Reichenbach Falls (Reichenbachfälle) is a waterfall in the Bernese Oberland region of Switzerland, which drop a height of 250 m. In literature, the upper Great Reichenbach Fall is the location of the final altercation between Sir Arthur Conan Doyle's hero Sherlock Holmes and his greatest foe, Professor Moriarty, in "The Final Problem".

==Description==
The Reichenbach Falls have a height of 250 m. At 110 m, the upper Grand Reichenbach Fall (Grosser Reichenbachfall) is one of the highest waterfalls in the Alps. It loses 290 m of height from the top of the falls to the valley floor of the Haslital. A hydroelectric power company harnesses the flow of the Reichenbach Falls during certain times of year, reducing its flow.

==Location==
The falls are located in the lower part of the Reichenbachtal, on the Rychenbach, a tributary (from the south bank) of the Aare. They are some 1.5 km south of the town of Meiringen, and Interlaken. Politically, the falls are within the municipality of Schattenhalb in the canton of Bern.

The falls are made accessible by the Reichenbach Funicular. The lower station is some 20 minutes' walk, or a six-minute bus ride, from Meiringen railway station on the Brünig railway line that links Interlaken and Lucerne.

==In popular culture==

===Arthur Conan Doyle's Sherlock Holmes stories===
The town and the falls are known worldwide as the setting for a fictional event: it is the location where Sir Arthur Conan Doyle's hero, Sherlock Holmes, fights to the death with Professor Moriarty, at the end of "The Final Problem", first published in 1893. A memorial plate at the funicular station commemorates Holmes, and there is also a Sherlock Holmes museum in the nearby town of Meiringen.

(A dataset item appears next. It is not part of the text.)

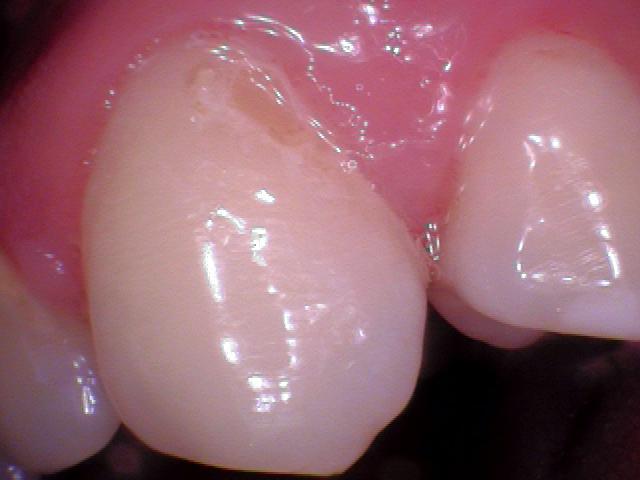 Is my saliva acidic?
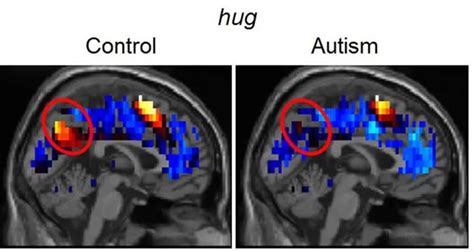 Brain Representations of Social Thoughts Accurately Predict Autism ...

Out of many waterfalls in the Bernese Oberland, Reichenbach Falls seems to have made the greatest impression on Sir Arthur Conan Doyle, who was shown them on a Swiss holiday by his host Sir Henry Lunn, the founder of Lunn Poly. Sir Henry's grandson, Peter Lunn, recalled, "My grandfather said 'Push him over the Reichenbach Falls' and Conan Doyle hadn’t heard of them, so he showed them to him." So impressed was Doyle that he decided to let his hero die there.

The actual ledge from which Moriarty fell is on the other side of the falls from the funicular; it is accessible by climbing the path to the top of the falls, crossing the bridge and following the trail down the hill. The ledge is marked by a plaque as illustrated here; the English inscription reads: "At this fearful place, Sherlock Holmes vanquished Professor Moriarty, on 4 May 1891." The pathway on which the duel between Sherlock Holmes and Professor Moriarty occurs ends some hundred metres away from the falls. When Doyle viewed the falls, the path ended very close to the falls, close enough to touch it, yet over the hundred years after his visit, the pathway has become unsafe and slowly eroded away, and the falls have receded further back into the gorge.

===In other media===
The Reichenbach Falls are the subject of several early 19th-century paintings by the English Romantic landscape painter J. M. W. Turner.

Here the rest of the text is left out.